#### [INSTRUCTIONS TO FOLLOW]
When writing out the entries below, keep only the lines from the line with "Miembros de Protección" to the line with "Micheal Kors woman’s", both included, exactly as they are, and leave the pictures aside.

#### [RECORDS SUPPLIED]
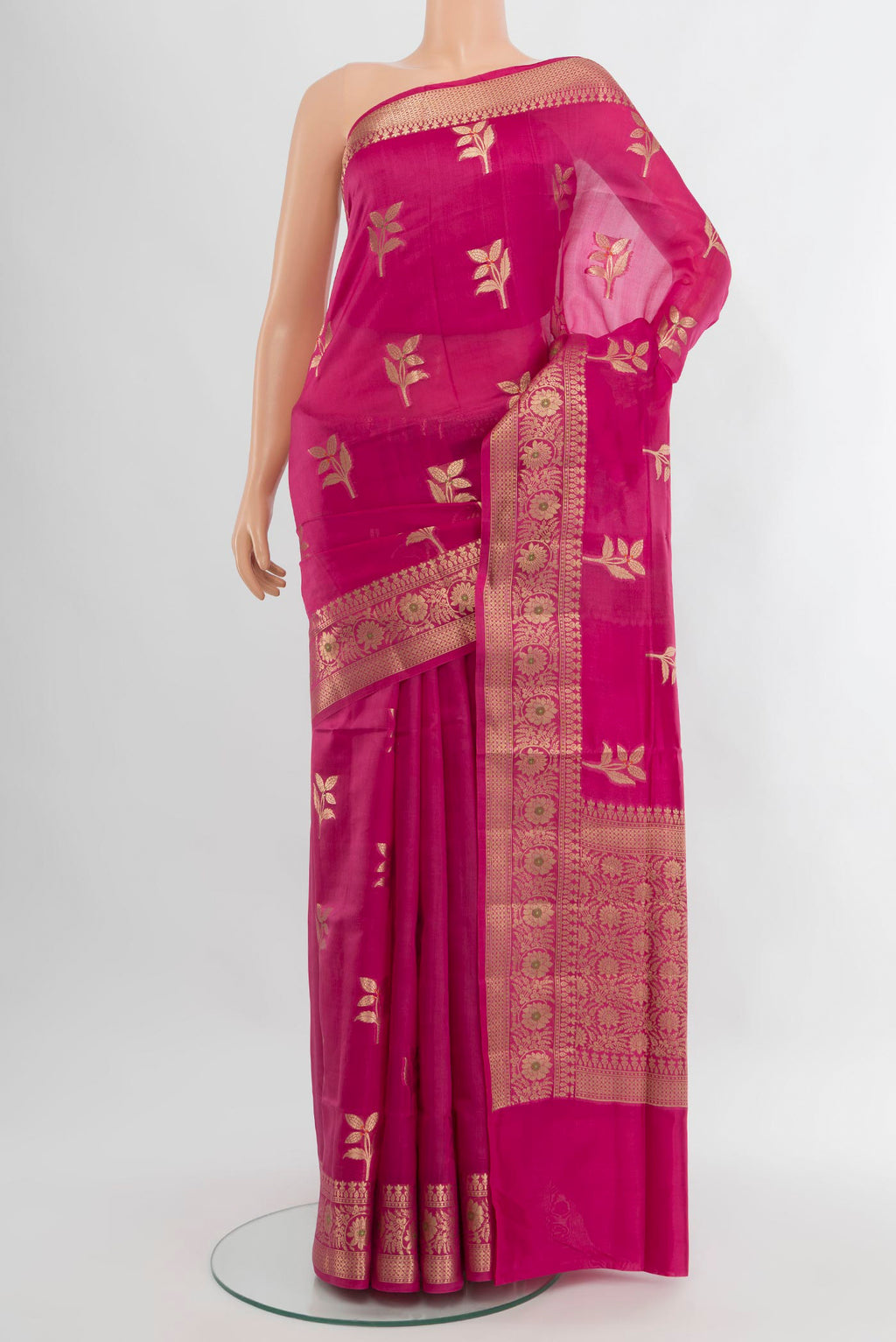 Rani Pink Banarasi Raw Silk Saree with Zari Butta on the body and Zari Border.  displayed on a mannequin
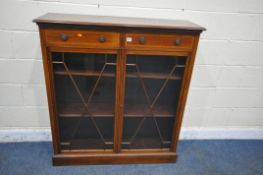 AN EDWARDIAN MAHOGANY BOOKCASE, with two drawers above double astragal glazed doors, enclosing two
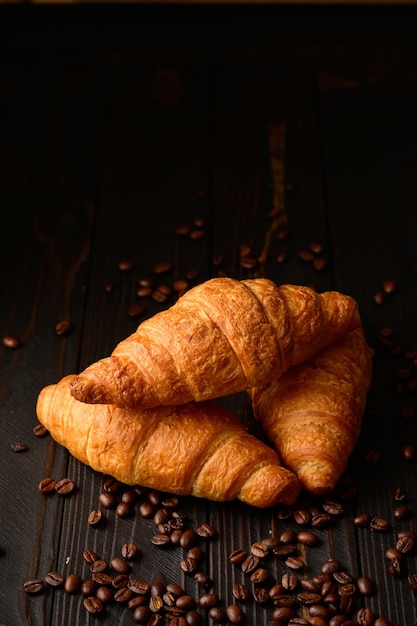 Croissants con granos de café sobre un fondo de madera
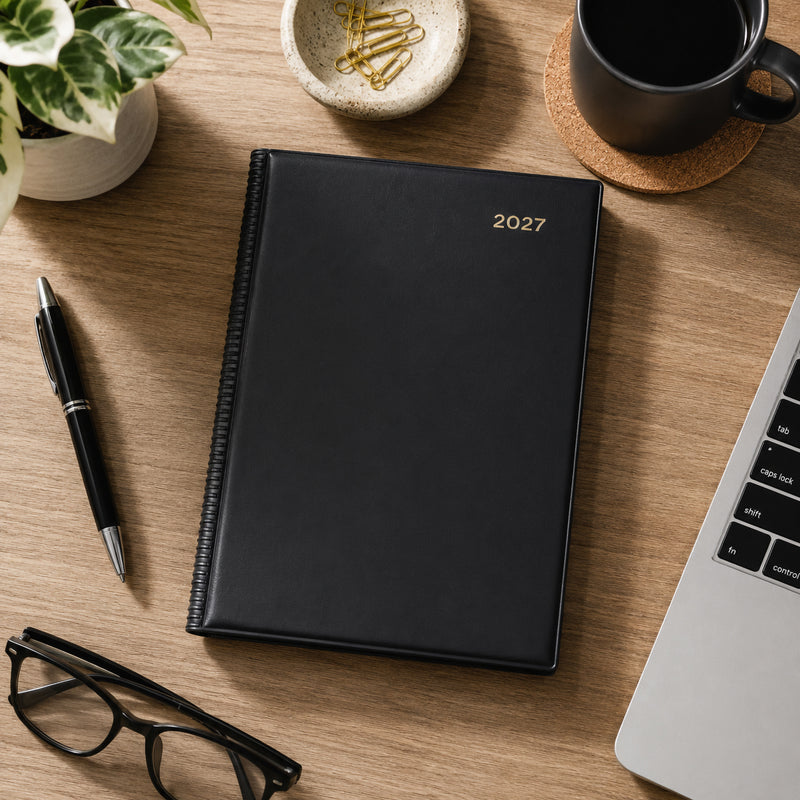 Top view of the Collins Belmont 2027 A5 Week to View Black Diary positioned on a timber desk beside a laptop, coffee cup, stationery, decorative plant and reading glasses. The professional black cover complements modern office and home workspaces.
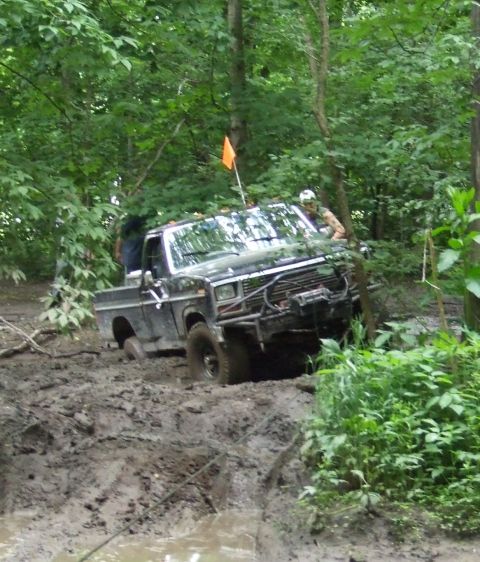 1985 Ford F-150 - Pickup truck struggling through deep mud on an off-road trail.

* * *

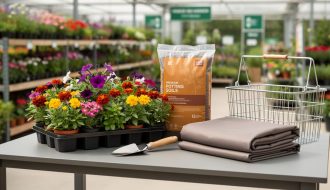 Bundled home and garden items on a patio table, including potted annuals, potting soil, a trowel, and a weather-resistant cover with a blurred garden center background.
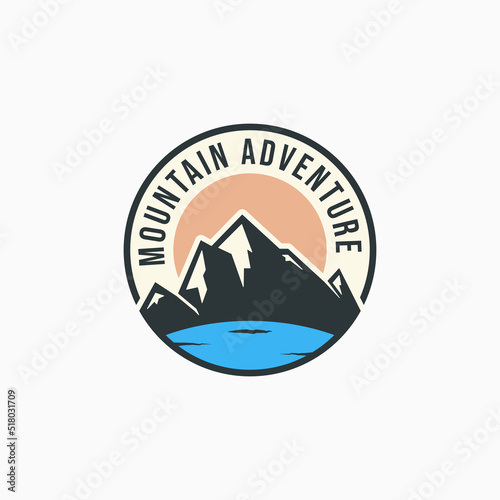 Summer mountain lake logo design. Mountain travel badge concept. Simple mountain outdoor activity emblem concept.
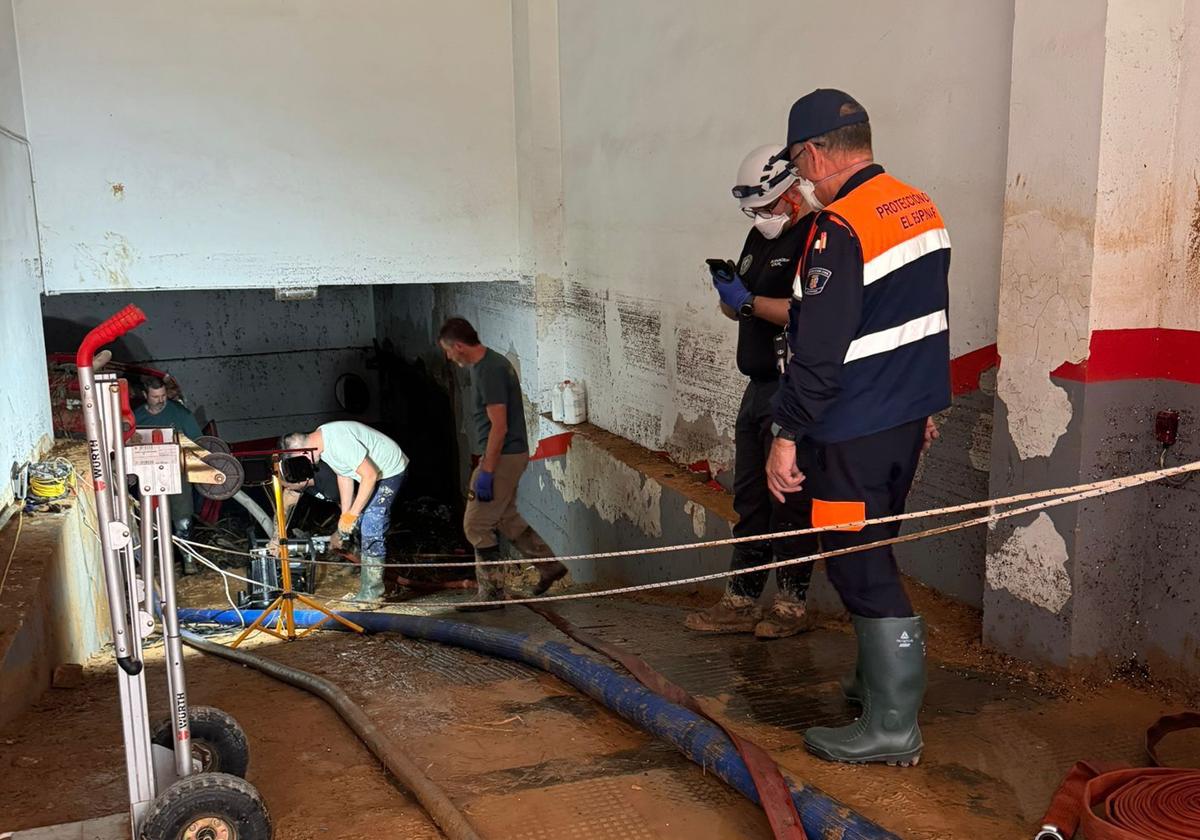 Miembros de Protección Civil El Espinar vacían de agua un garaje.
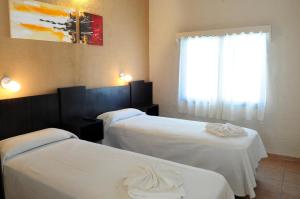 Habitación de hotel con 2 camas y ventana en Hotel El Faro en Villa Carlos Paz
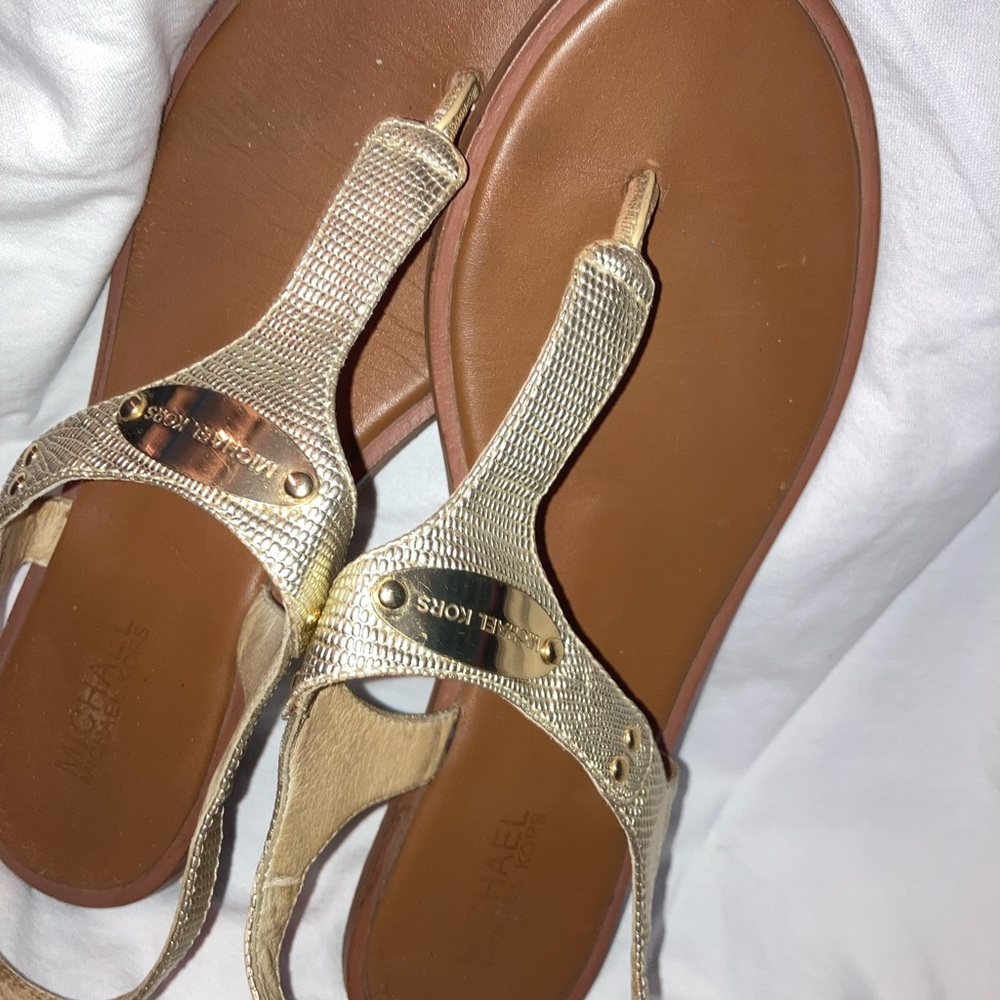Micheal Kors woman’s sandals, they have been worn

---

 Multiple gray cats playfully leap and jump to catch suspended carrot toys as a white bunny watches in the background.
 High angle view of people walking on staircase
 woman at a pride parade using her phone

#### [YOUR SOLUTION]
 Miembros de Protección Civil El Espinar vacían de agua un garaje.
 Habitación de hotel con 2 camas y ventana en Hotel El Faro en Villa Carlos Paz
Micheal Kors woman’s sandals, they have been worn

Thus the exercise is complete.